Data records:
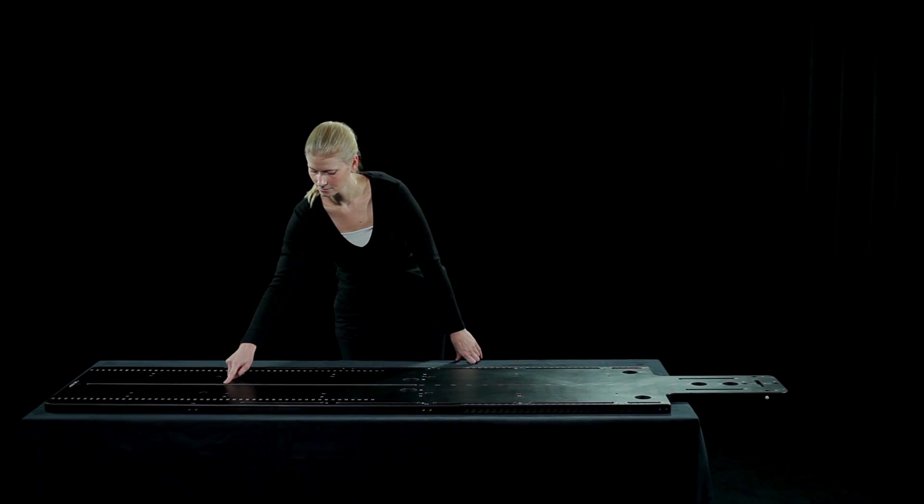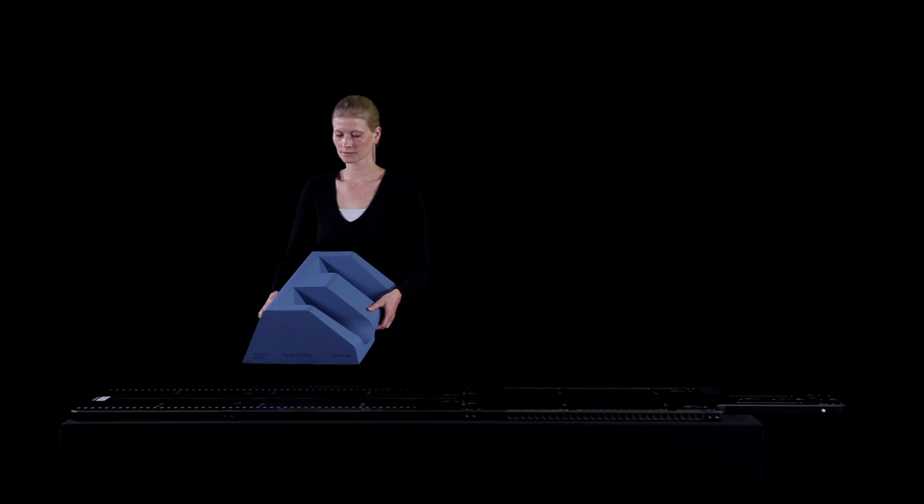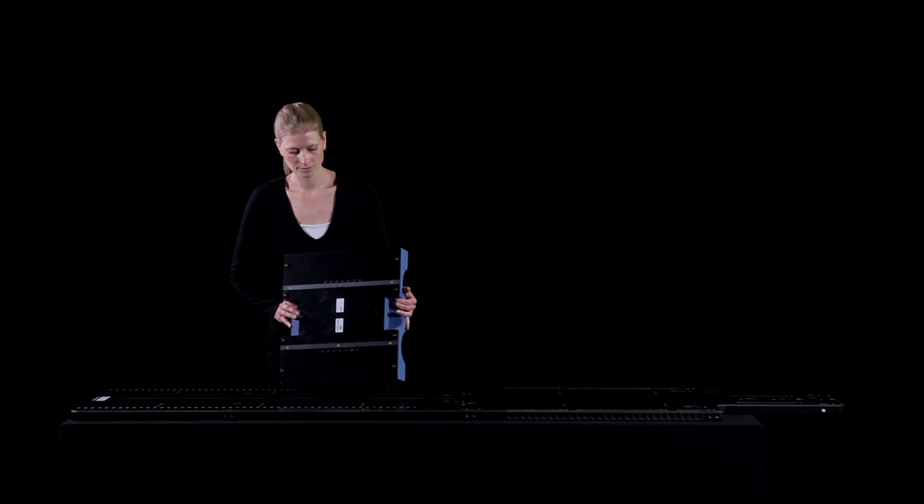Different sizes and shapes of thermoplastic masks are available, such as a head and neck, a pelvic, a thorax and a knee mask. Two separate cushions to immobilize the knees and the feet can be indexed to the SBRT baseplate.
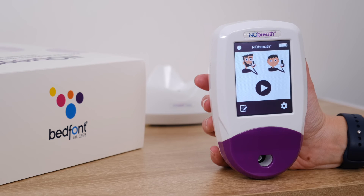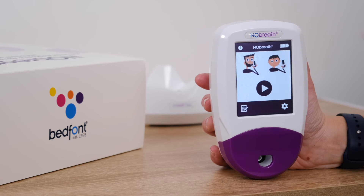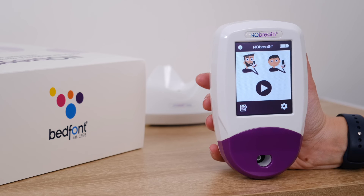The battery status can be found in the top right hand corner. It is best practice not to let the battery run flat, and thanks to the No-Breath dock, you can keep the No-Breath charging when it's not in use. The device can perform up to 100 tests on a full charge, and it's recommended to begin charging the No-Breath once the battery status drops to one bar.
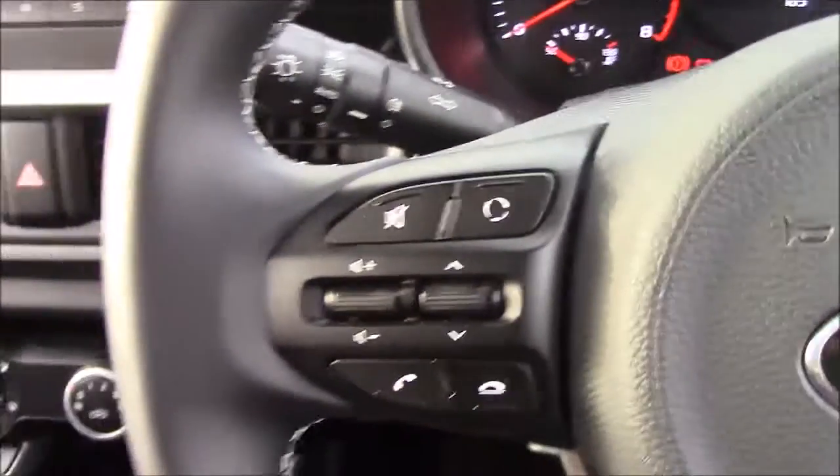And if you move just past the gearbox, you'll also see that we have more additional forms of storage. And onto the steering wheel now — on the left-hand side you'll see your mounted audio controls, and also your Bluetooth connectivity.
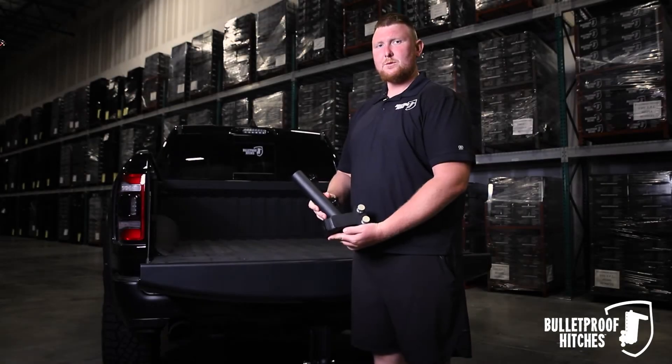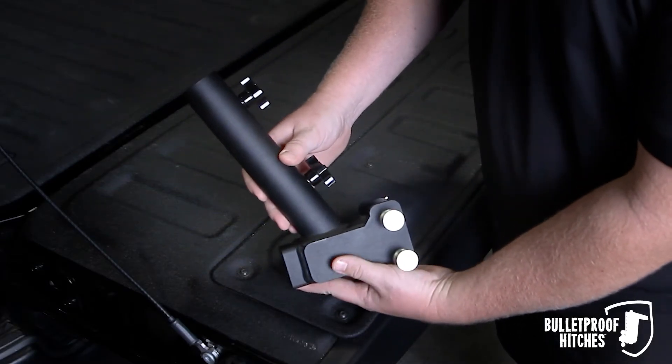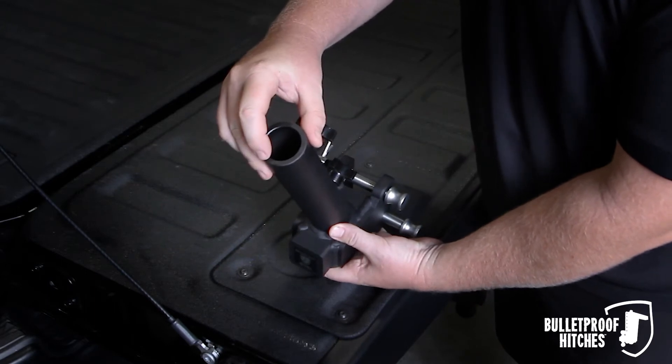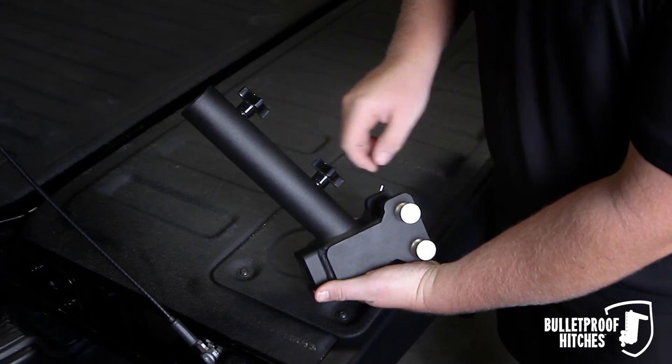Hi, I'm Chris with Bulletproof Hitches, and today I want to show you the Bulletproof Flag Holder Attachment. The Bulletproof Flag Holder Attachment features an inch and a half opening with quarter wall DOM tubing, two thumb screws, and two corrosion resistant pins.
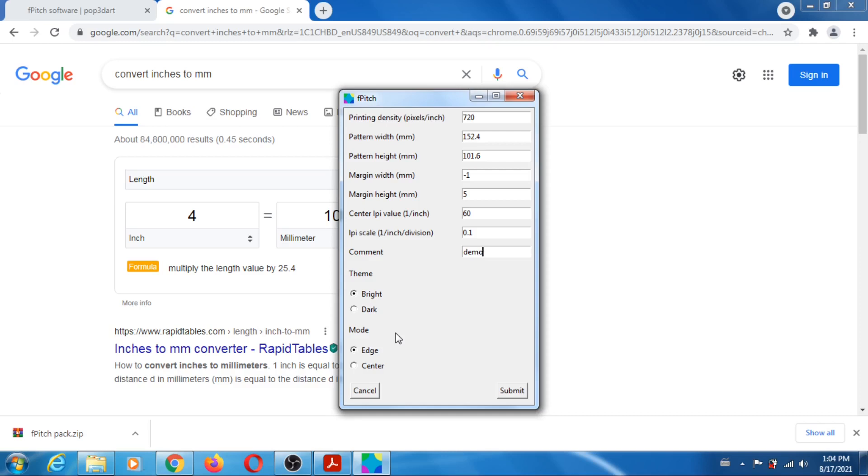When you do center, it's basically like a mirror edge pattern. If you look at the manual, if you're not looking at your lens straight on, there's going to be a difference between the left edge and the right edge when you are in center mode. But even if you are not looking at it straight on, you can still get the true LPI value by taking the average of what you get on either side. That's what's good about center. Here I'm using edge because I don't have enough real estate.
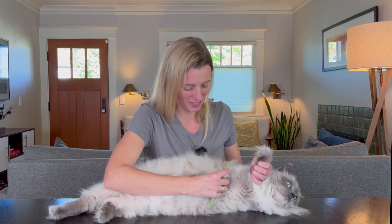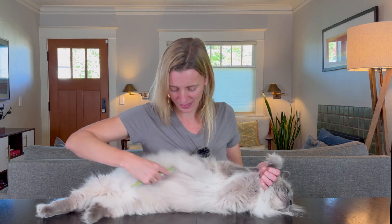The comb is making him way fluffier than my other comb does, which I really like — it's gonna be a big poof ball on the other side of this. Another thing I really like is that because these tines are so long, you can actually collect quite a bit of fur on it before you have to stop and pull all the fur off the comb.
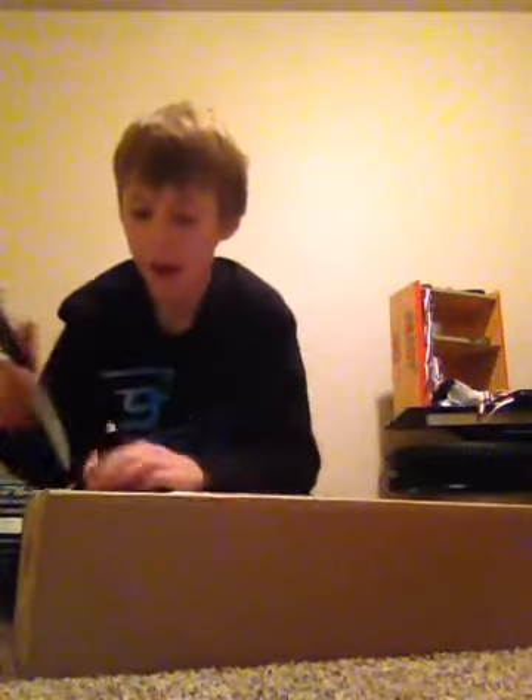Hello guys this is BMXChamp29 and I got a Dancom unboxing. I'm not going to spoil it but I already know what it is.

**Description of the task**
Using the data above, which lines fall from the one with "And if you move" through the one with "When you do"? Repeat them exactly, ends included, minus any pictures.

**Reply to the exercise**
And if you move just past the gearbox, you'll also see that we have more additional forms of storage. And onto the steering wheel now — on the left-hand side you'll see your mounted audio controls, and also your Bluetooth connectivity.
Hi, I'm Chris with Bulletproof Hitches, and today I want to show you the Bulletproof Flag Holder Attachment. The Bulletproof Flag Holder Attachment features an inch and a half opening with quarter wall DOM tubing, two thumb screws, and two corrosion resistant pins.
When you do center, it's basically like a mirror edge pattern. If you look at the manual, if you're not looking at your lens straight on, there's going to be a difference between the left edge and the right edge when you are in center mode. But even if you are not looking at it straight on, you can still get the true LPI value by taking the average of what you get on either side. That's what's good about center. Here I'm using edge because I don't have enough real estate.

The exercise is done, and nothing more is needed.